Yesterday, Attorney General Eric Holder said that the Obama administration will consider reforming the Miranda requirement through legislative action to broaden the public-safety exception:
Attorney General Eric Holder, in his first appearances on Sunday morning news shows as a cabinet secretary, said the Justice Department is examining “whether or not we have the necessary flexibility” to deal with terrorist suspects such as the Pakistani-born U.S. citizen who tried to detonate a car bomb in Times Square last weekend.
“We’re now dealing with international terrorism,” Holder said on ABC’s “This Week.” “And if we are going to have a system that is capable of dealing in a public safety context with this new threat, I think we have to give serious consideration to at least modifying that public safety exception.”

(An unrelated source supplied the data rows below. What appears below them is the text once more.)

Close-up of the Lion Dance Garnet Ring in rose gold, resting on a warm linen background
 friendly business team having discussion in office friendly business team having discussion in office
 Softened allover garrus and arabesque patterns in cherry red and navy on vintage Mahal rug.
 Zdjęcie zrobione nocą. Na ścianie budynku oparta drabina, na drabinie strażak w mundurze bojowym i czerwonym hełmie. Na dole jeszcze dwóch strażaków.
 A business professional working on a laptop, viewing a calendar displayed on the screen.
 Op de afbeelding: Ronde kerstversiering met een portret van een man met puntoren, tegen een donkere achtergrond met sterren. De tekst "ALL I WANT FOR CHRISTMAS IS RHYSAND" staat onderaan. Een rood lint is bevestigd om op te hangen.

The announcement marked a potentially significant change by the administration as it tries to manage the politics of national security after repeatedly coming under fire, mainly from conservatives, for being too willing to read Miranda rights to terrorism suspects. The administration is trying to thread a difficult needle: of taking a harder line on terrorism while staying within the confines of the criminal justice system.
Holder and other administration officials said they would be engaging Congress on putting together a proposal for changes to the law, which requires suspects to be told that they have the right to remain silent and that their statements may be used against them in court. They did not provide specifics of possible changes.
Under the current public safety exception, statements obtained before issuing the Miranda warning may be used in court — including to charge suspects — if it is determined that police needed to obtain information quickly to prevent further crimes. Once an immediate threat is ruled out, the Miranda warning must be read, under current law.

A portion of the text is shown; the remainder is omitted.